Convert IDN domains to and from xn-- Punycode.

in-browser

How to use

  1. 1 Choose a direction: Unicode to ASCII, or ASCII back to Unicode.
  2. 2 Type or paste the domain name into the input box.
  3. 3 Read the converted form in the output panel.
  4. 4 Copy the result to use in your registrar, code or address bar.

About Punycode Converter

The Punycode Converter translates between human-readable internationalised domain names and the ASCII form that the Domain Name System actually understands.

DNS was built for a limited set of ASCII characters, so a domain containing accents, umlauts, Cyrillic, Greek, Arabic or emoji must be encoded before it can be registered or resolved.

That encoding is Punycode, defined in RFC 3492, and each non-ASCII label is given the now-familiar "xn--" prefix — so "münchen.de" becomes "xn--mnchen-3ya.de".

This tool runs the full RFC 3492 bootstring algorithm directly in your browser, label by label, so you can encode a Unicode domain to its ASCII representation or decode an "xn--" address back into the readable original.

It is useful for registering IDNs, debugging email and TLS certificates that store the ASCII form, and for spotting homograph or phishing domains that disguise themselves with look-alike Unicode characters.

Because the conversion is entirely client-side, nothing you type is ever sent to a server, logged or stored — handy when you are inspecting a suspicious link.

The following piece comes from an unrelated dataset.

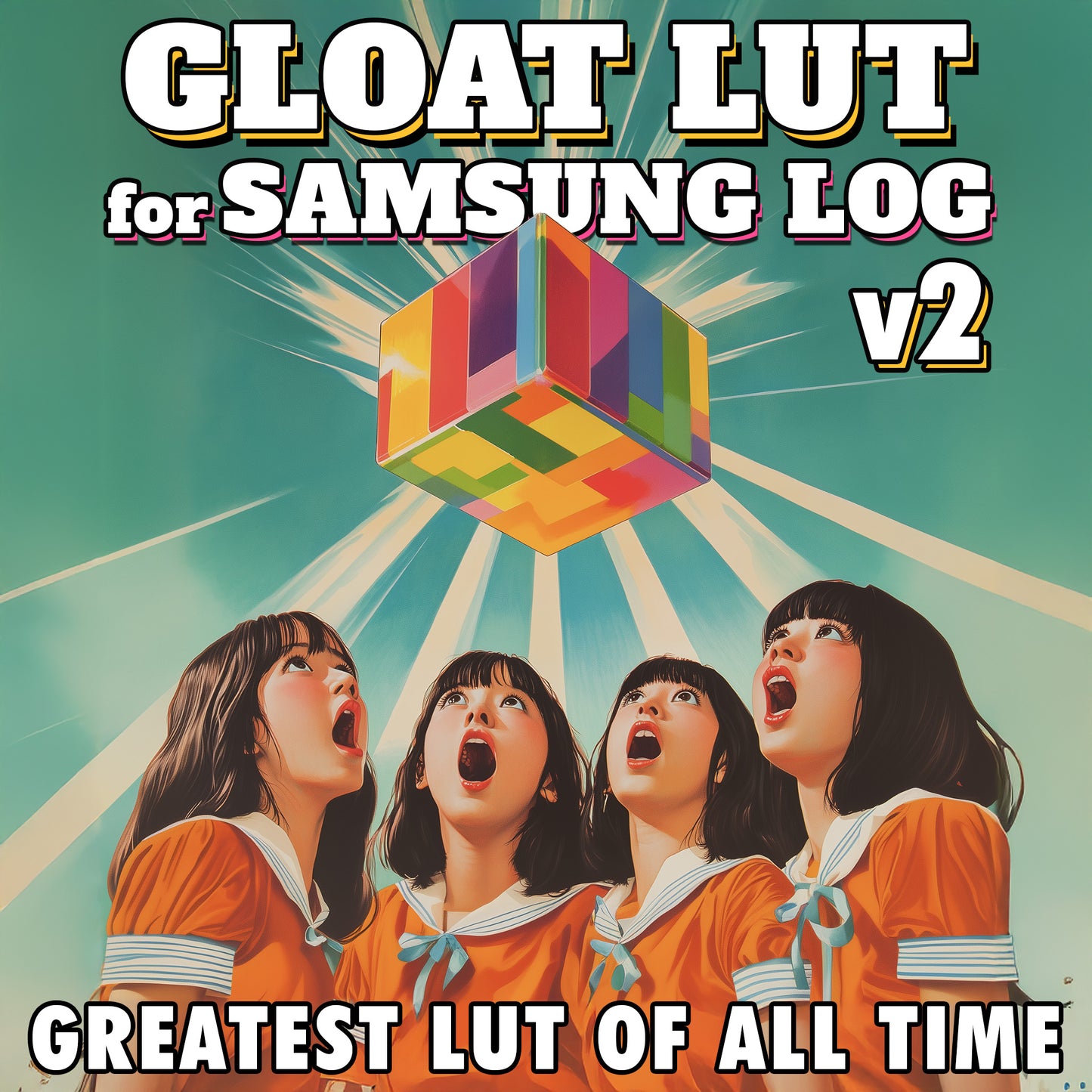 GLOAT LUT for Samsung Log V2 (Greatest LUT of All Time)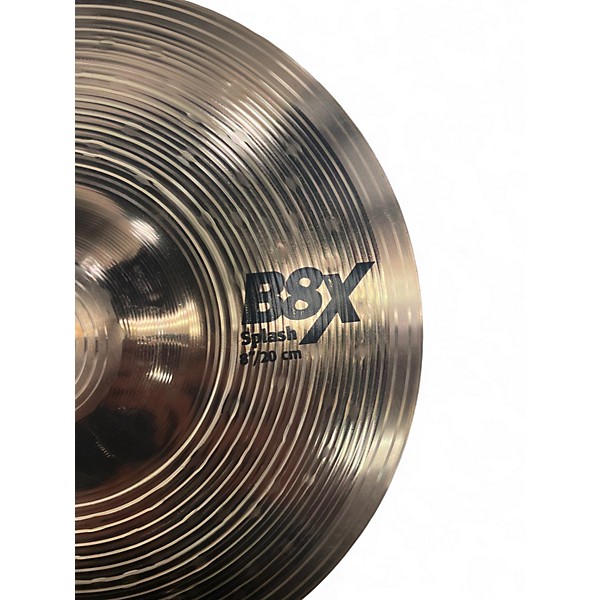 Used SABIAN 10in B8X Splash Cymbal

Pure-ASCII labels pass through untouched, multi-label domains are handled in one pass, and the converter keeps working offline once the page has loaded.

FAQ

What does the "xn--" prefix mean?

It is the ACE (ASCII Compatible Encoding) marker that tells DNS resolvers a label is Punycode-encoded Unicode. Only labels with non-ASCII characters receive it.

Why are Punycode domains a security concern?

Different Unicode characters can look identical to ASCII ones, letting attackers register look-alike "homograph" domains. Decoding to Unicode and inspecting the xn-- form helps reveal such spoofing.